Request by President Muhammadu Buhari to address a joint session of the National Assembly sparked commotion in the House of Representatives, yesterday.

The president had formally written to the Senate President, Bukola Saraki and Speaker of the House of Representatives, Yakubu Dogara, to inform them of his readiness to present the 2018 budget proposal to a joint session of the National Assembly.

At the Senate, Saraki read the letter at the close of yesterday’s legislative business. According to the letter, Buhari is expected to make the presentation by 2pm next Tuesday.

But at the House of Representatives, a mild drama played out as members sharply reacted to the request.

No sooner had Speaker Dogara announced that there was a letter from the president on the 2018 budget than the lawmakers started shouting “no” to show their displeasure with the request for a joint session.

Dogara had stressed, in his intervention,  that  lawmakers cannot stop the president from addressing the joint session of the House and the Senate.

“I wish we have the constitutional right to say no. But unfortunately, we don’t have it…This House is the custodian of the constitution. The president has the right…,”  Dogara said.

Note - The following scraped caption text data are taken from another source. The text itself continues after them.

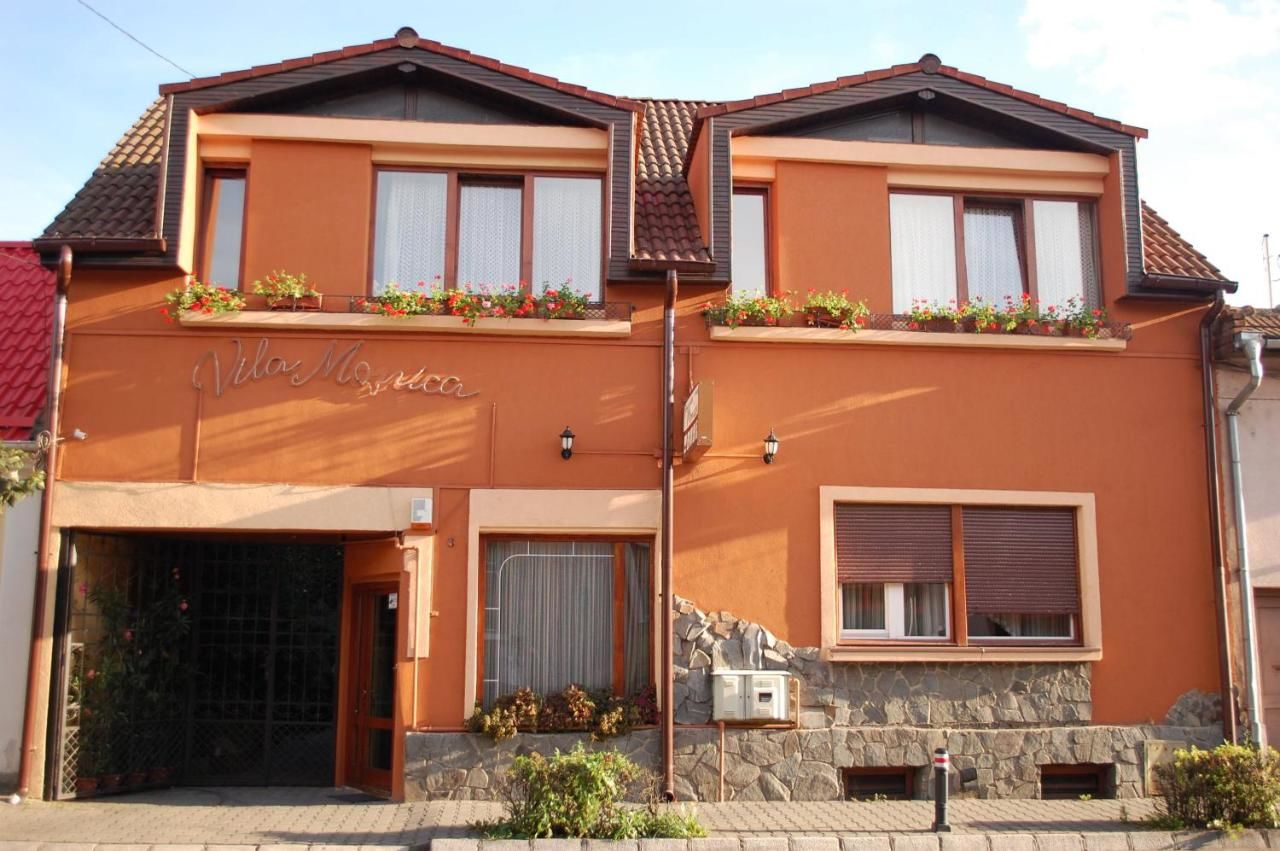 Отели типа «постель и завтрак» Vila Monica Тыргу-Муреш-4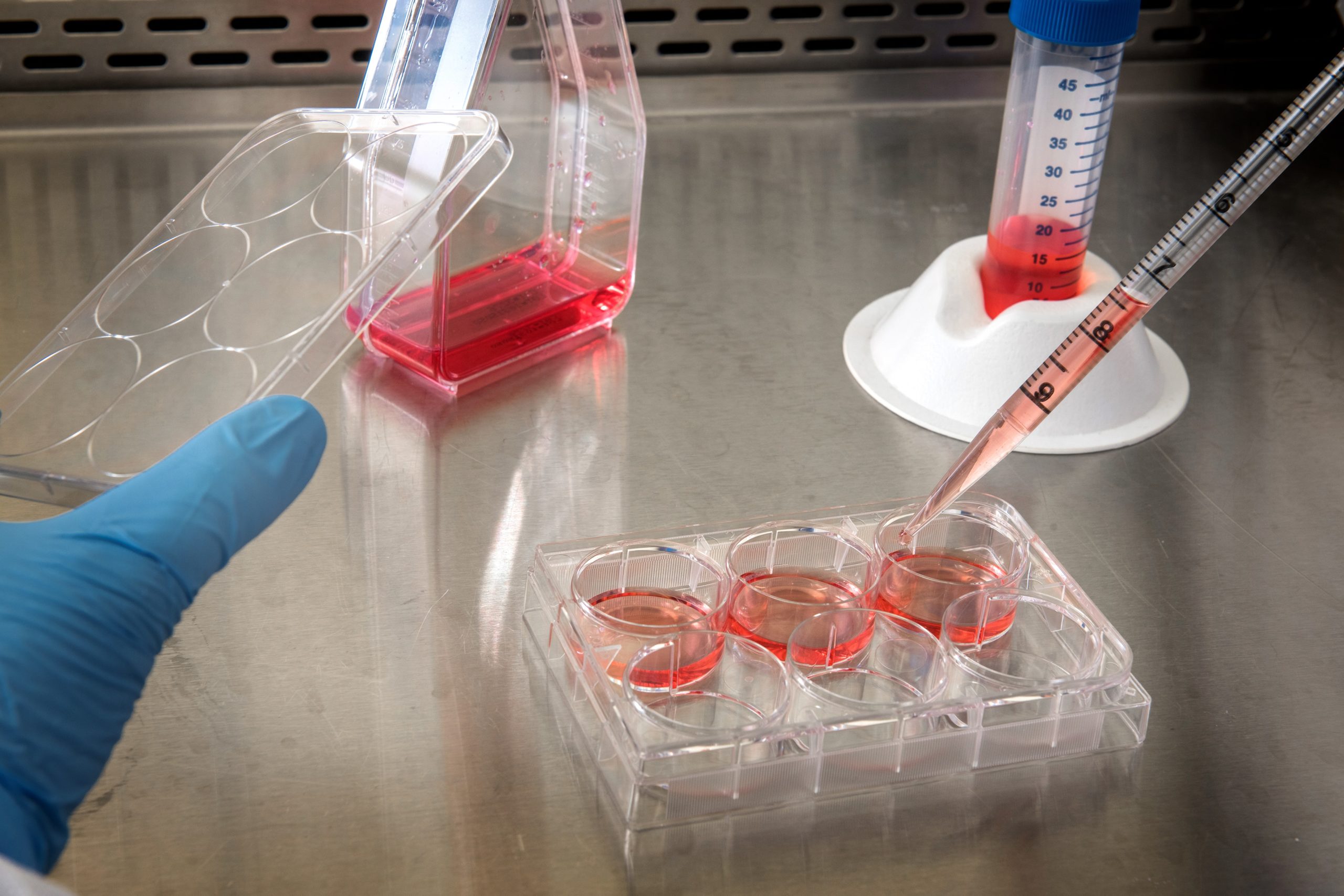 Próbki do wykonania testu w laboratorium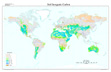 Global Soil Inorganic Carbon map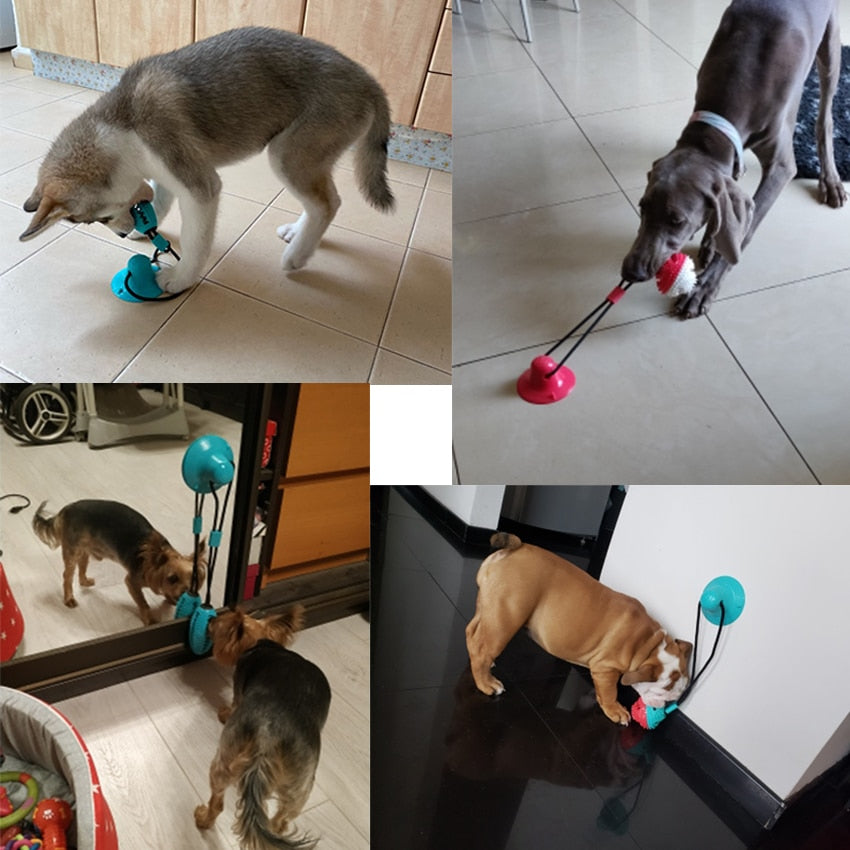 Interactive Dog Ball Toy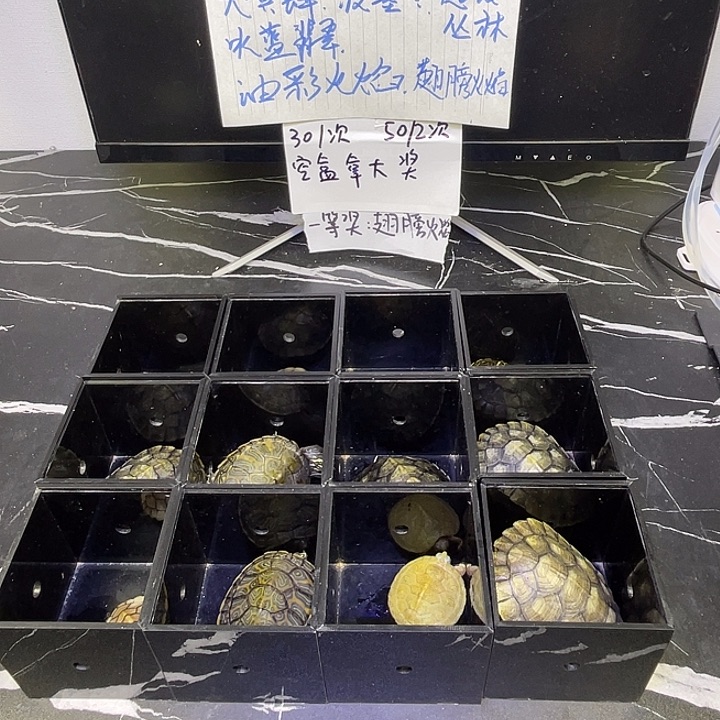 绿毛龟母25开一个盒子，不计成本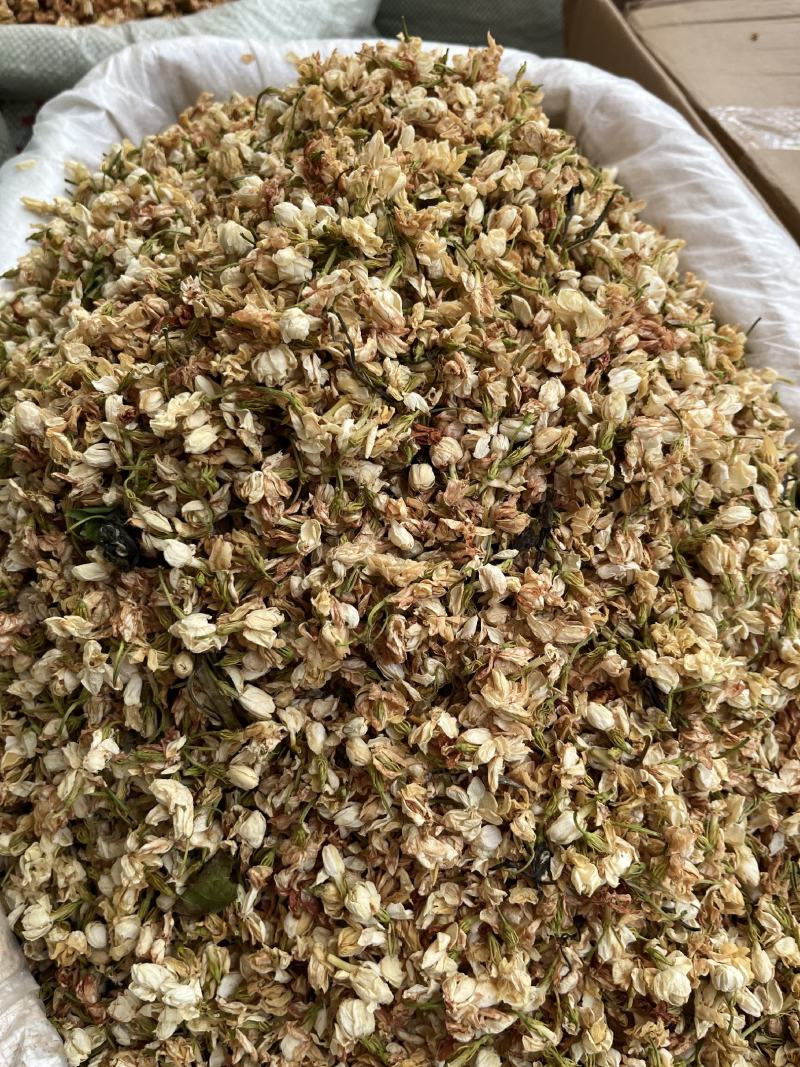 批发广西茉莉花干货产地货源横县茉莉花茶散装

Buhari, had, in October, presented the Medium Term Expenditure Framework (MTEF) and the Fiscal Strategy Paper (FSP) to both chambers.

Minister of Budget and National Planning, Udoma Udo Udoma, had said, last July that the 2018 budget would be presented to the National Assembly before the end of October.

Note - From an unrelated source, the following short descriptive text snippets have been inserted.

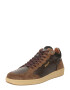 Blauer.USA Sneaker low maro / maro închis / negru - Pled.ro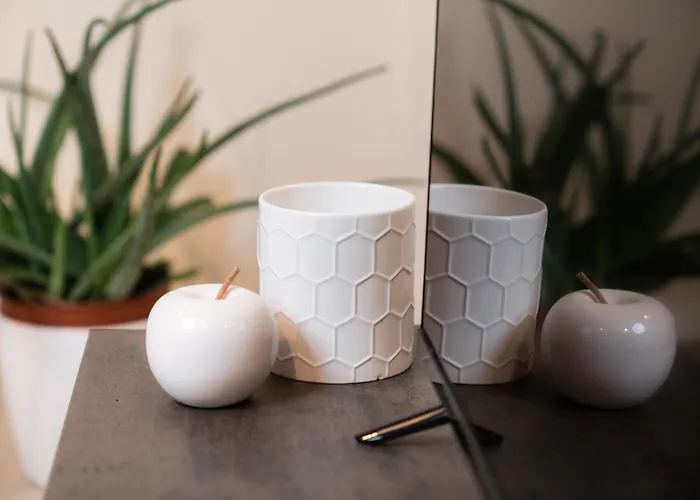 Apartment Domus Acaja *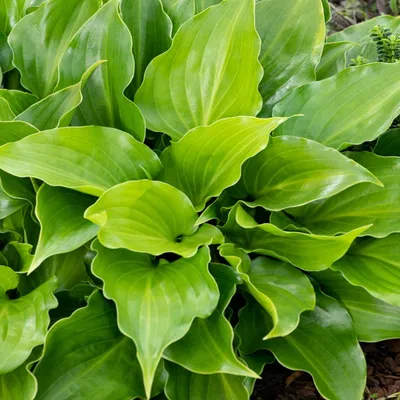 Produktbild von Funkie Hosta Knolle Zierblätter Staude Funkie Purple Sensation 1 St.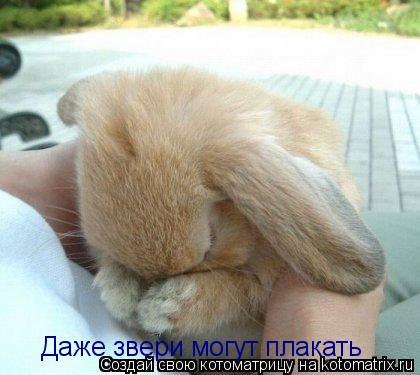 Даже звери могут плакать... Котоматрица: Даже звери могут плакать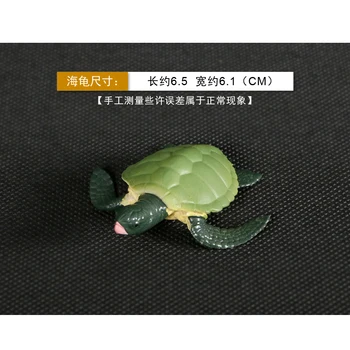 Simulacija figuric Živali Evolucija Modelov Morske želve Želva Življenjskega Cikla plastični Model Živali Ciklus Rasti za Igrače Za Otroke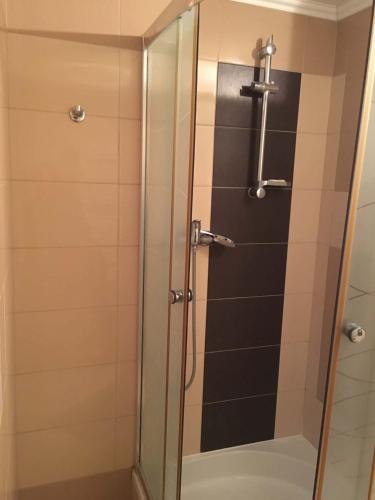 a shower with a glass door in a bathroom at Agroturystyka Kuźnia in Neple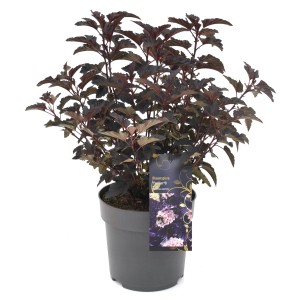 Blasenspiere 'Panther Rosa' im Topf: Dunkelrotes Laub, ca. 20-30 cm hoch.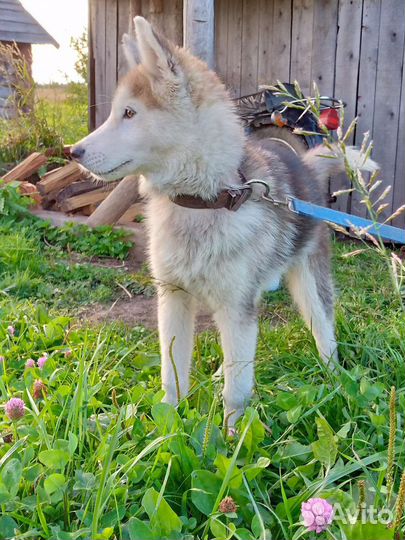 Собака в добрые руки 5 месяцев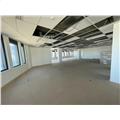 Location de bureau de 631 m² à Décines-Charpieu - 69150 photo - 9
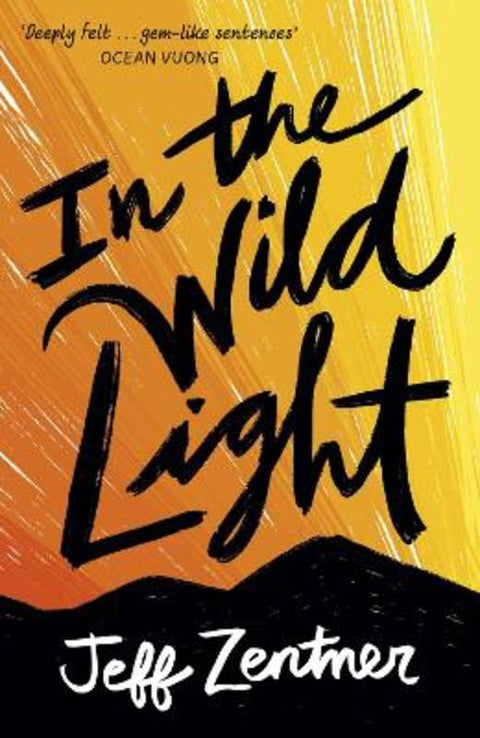 In the Wild Light by Jeff Zentner - 9781839130847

According to him then, “the MTEF outlines the Federal Government’s fiscal policies and our macroeconomic projections for the next three years from 2018 to 2020 provides the broad framework for the 2018 budget. We are committed to delivering the 2018 budget to the National Assembly by the beginning of October.”   The Federal Executive Council had approved the proposed budget at its meeting held last Thursday.

Meanwhile, Senate Majority Leader, Ahmad Lawan, said that January-December budget calendar was not cast in stone, adding that what was important was for the budget of any given year to be implemented to the latter.

Lawan, who was in the Presidential Villa with Senator Sola Adeyeye to meet with President Buhari, on what he called “private visit,” said to return to the January-December calendar would depend on the collaboration between the executive and the legislature.

As a fallout of signing of the 2017 budget into law by Vice President Yemi Osinbajo, while acting as the president, the Executive and the Legislature had agreed to return the Federal Government to a January–December budget calendar.